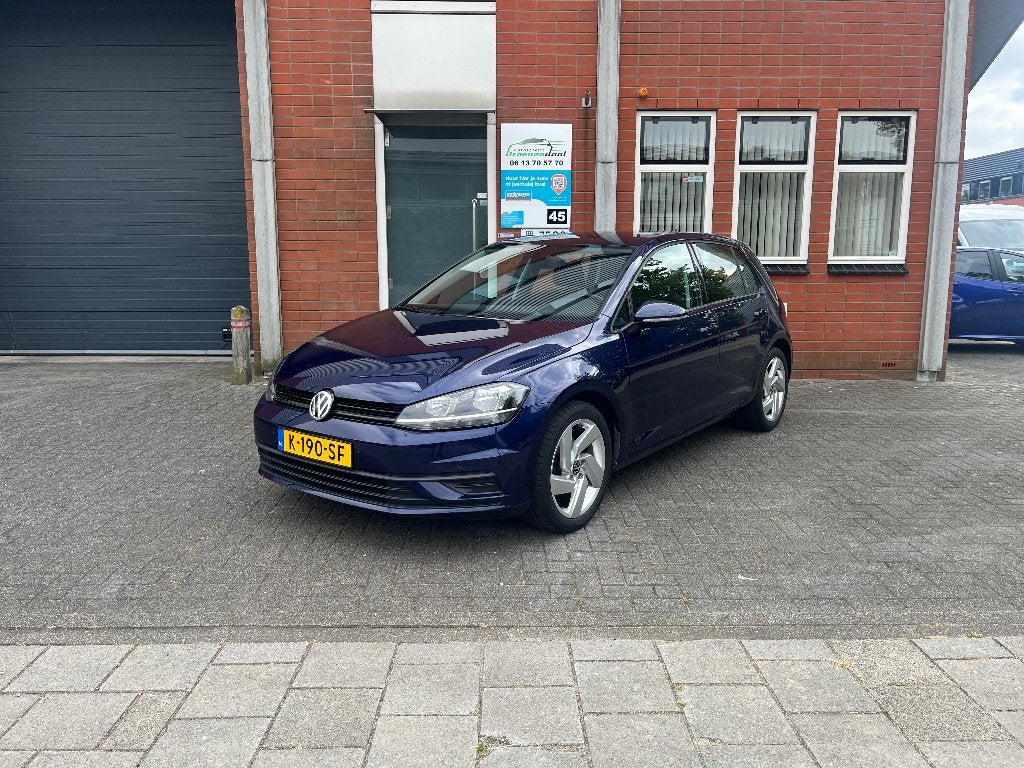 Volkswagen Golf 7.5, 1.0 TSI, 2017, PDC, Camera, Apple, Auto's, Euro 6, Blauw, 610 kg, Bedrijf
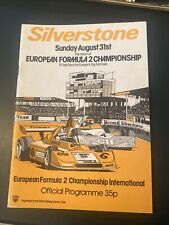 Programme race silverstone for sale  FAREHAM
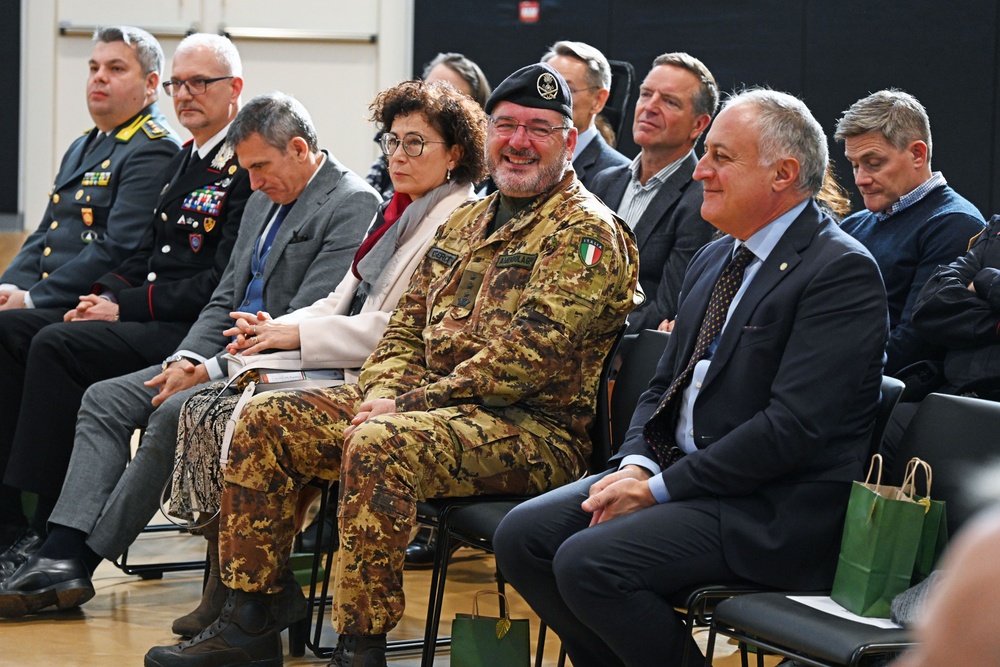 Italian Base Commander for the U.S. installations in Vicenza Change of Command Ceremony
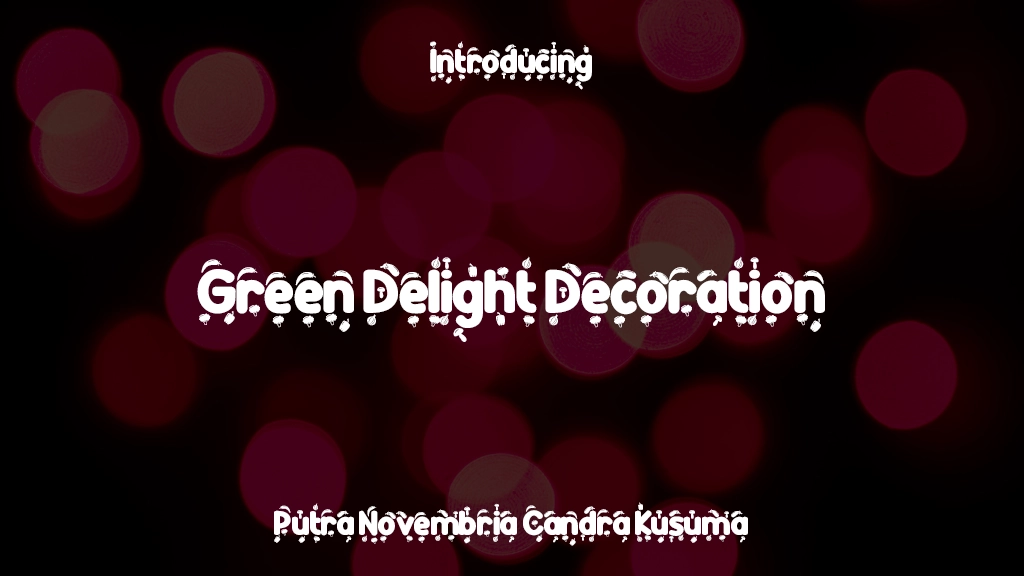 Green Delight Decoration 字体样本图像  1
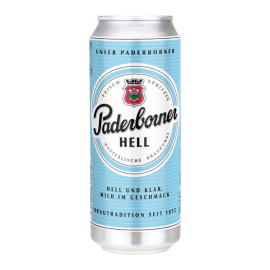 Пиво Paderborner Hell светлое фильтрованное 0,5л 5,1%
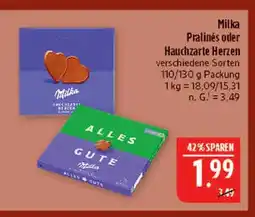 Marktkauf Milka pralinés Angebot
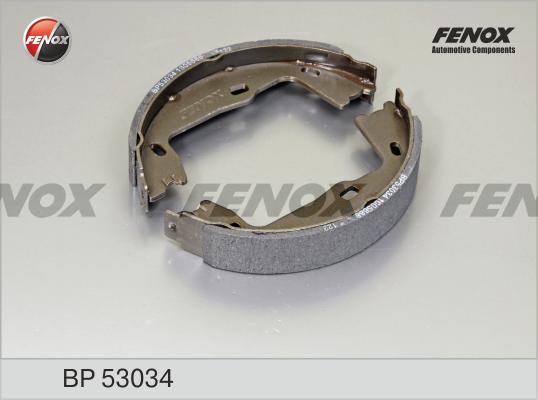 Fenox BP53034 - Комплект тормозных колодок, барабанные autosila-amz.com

→ EXERCISE DIRECTIONS
Restate the data above exactly, stripping out each image.

→ EXERCISE RESULT
 Volkswagen Golf 7.5, 1.0 TSI, 2017, PDC, Camera, Apple, Auto's, Euro 6, Blauw, 610 kg, Bedrijf
 Programme race silverstone for sale  FAREHAM
 Italian Base Commander for the U.S. installations in Vicenza Change of Command Ceremony
 Green Delight Decoration 字体样本图像  1
 Пиво Paderborner Hell светлое фильтрованное 0,5л 5,1%
 Marktkauf Milka pralinés Angebot
 Fenox BP53034 - Комплект тормозных колодок, барабанные autosila-amz.com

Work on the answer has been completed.